Clock 3: Renewable energy. Biomass provides an important chunk of our overall energy supply, in the range of 10% of all energy consumed, and it is all renewable (see the IEA’s World Energy Outlook 2010). A very high proportion of this biomass comes from forests and trees, including traditional wood energy (which remains essential in all regions and for billions of people), residuals and waste from forest industries, and second-generation biofuels. We present the overall rate of energy from biomass, recognizing that some is provided from the wider landscape and also in the form of waste. Bioenergy power supplies about 1.62 TW, equivalent to 0.45 GWh/s, or almost 5 times the combined nuclear power potential in the world.
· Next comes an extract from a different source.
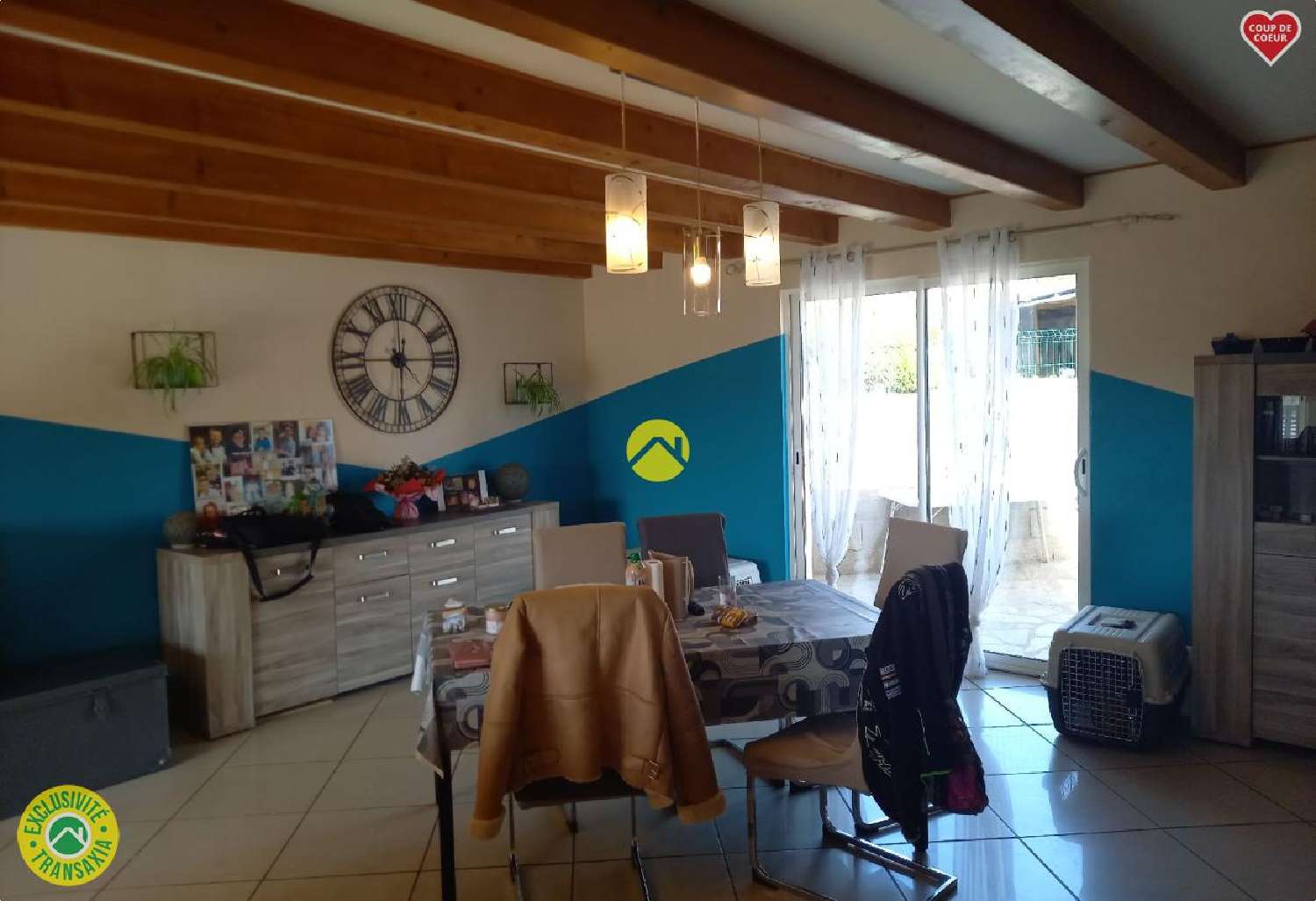  te koop huis Allanche Cantal 7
Clock 4: Carbon sequestration. Contrary to the high-profile picture of forest area loss, the world’s forests continue to be a considerable net sink of atmospheric carbon. IPCC already reported this in its 4th assessment report. A recent paper by Pan et al. confirms this and concludes that the rate of carbon sequestration in forests is 2.4 Pg CO2 eq/year, corresponding to 76 tonnes/s – a rate equal to about 5% of current overall anthropogenic emissions. If we deduct the emissions from forest losses through land use change, the picture is less rosy, but still the overall forest carbon stock is increasing by about 1.1 Pg CO2 eq/year.
Clock 5: Value of forest products trade. A world with green growth makes good use of sustainable forest products. One measure of the importance of forest products is provided by FAO’s annual trade statistics (2010 edition). While these statistics only include wood products, and not the increasingly valuable trade in non-timber forest products, these are the best publicly available numbers. The rate of traded forest goods is about US$230 billion/year, or about US$7239/s. This represents a small but significant proportion (about 2%) of global merchandise trade, and about 10% of trade aggregated under agriculture and food in some reports.
I look forward to a debate over the World Forests Clock, including the selection of parameters. If there were reliable gauges, then I would have considered adding clocks for forestry contribution to rural economies, loss of forest-dependent species and perhaps local climate regulation (temperature, water provision, rainfall generation). But we have surprisingly few generally agreed measurements of these things – perhaps this can serve as stimulation for future research?